Tearaway Tizzano has been better (60% on 58 carries) as has lock Frost (48% on 59 carries); both have hit over 120 attacking rucks and been their teams’ high forward tacklers. Tizzano has made it to 50 defensive rucks as well; but has not shown the nous Schmidt will want against the Lions who may carry four or five opensiders (Tom Curry, Josh van der Flier, Jac Morgan, Jack Willis and/or Rory Darge).

So who are the up-and-coming heavy carry men? Tom Hooper leads all Aussies with 75 carries but he is woeful at gainline (38%, the same as prop Alaalatoa), a trait he had in 2023. He still needs to learn a shape in contact which cuts down on the forces chopping him, and find acceleration into the tackle. The things which may attract Schmidt to Hooper are his breakdown work (5 steals; but struggles to clean legally and forcefully) and lineout size.

Tom Hooper. (Photo by Paul Kane/Getty Images)

Langi Gleeson has been far more impressive in the carry: he is 64% gainline over 74 runs with ball in hand, most of which have ended in heavy tackles as he takes on the duty of primary (often only) big baller. Surely he is the kind of robust presence for a Lions battle, but he was already in the mix for the first 23.

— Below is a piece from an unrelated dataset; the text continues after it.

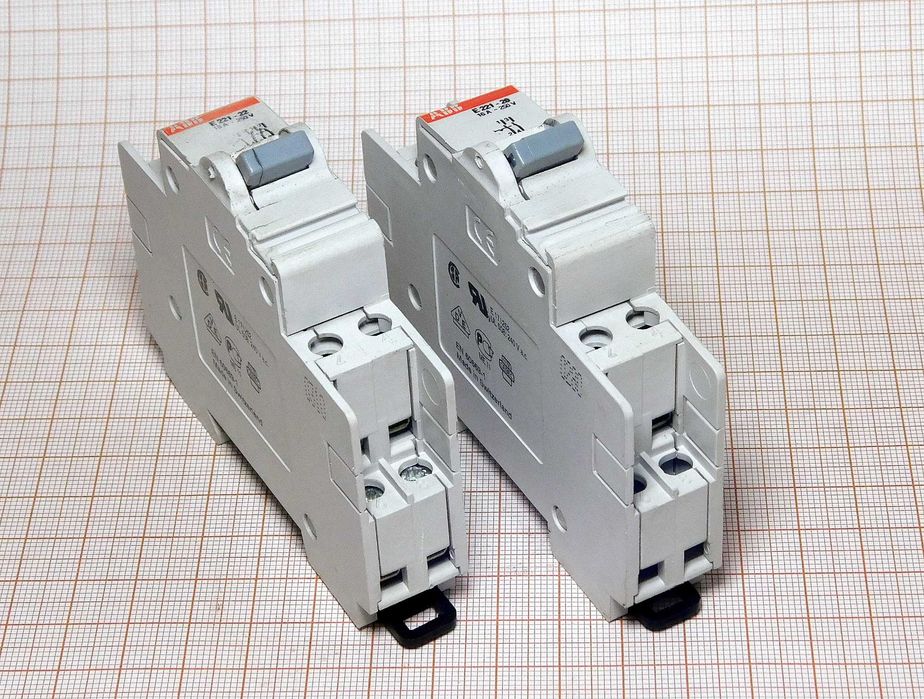 Wyłącznik Bezpiecznik 16A E221-20 ABB [K6]6 cena 2 sztuk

Tackle monsters may be a more fruitful field to harvest from:

Nick Champion de Crespigny looks the part of bouncer-bully more than Hooper, and his 111 tackles have generated more heat (and he does not miss many). Schmidt has said to many he prefers a big mean athlete at six: “I can teach him the rugby part.” It feels very much like this tutoring is about to happen, albeit for a brief time indeed.

Bad boy Swain keeps cropping up if we look at carry, ruck, tackle, and involvement. But is he worth the risk, given he still misses too many first up tackles and is a card magnet? Luke Reimer seems to have hit a trough of form, but his 11 breakdown steals at 78 defensive rucks makes one wonder: will more than Fraser McReight and Tizzano be needed as a jackal flanker?

I suggest that along with de Crespigny, Reimer, and Potter, we may see a gamer like Charlie Gamble, a pugnacious player in the mold of the Curry brothers (we can imagine the three of them getting curry and rice at Gamble’s best pick in the wee hours after whatever happens in the final Test). Gamble has has to put the Tahs on his back a few times; carrying ferociously, hitting 46 defensive rucks for four steals and a heap of slowed ball using the darkest of arts), and trailing only Tizzano in tackle success.

So who is our fifth player to stock the tail end of the squad, and run on to the pitch from the bench, when the chips are on the table?

Charlie Gamble of the Waratahs is tackled. (Photo by Brett Hemmings/Getty Images)

No, I will stick with Edmed as the joker, the semi-bolter, the “as I said” repeater by Schmidt, who kept choosing CJ Stander when all in Ireland protested, and kept faith in him, undersized, not beloved at club at first, and ready to play at all times.

They may find themselves up against Lions youngsters like Fin Smith, Tommy Freeman, and Henry Pollock from England; big Joe McCarthy of Ireland, and perhaps a bolter like Tom Jordan, too.

Who do you reckon is at the end of the bench behind the bench?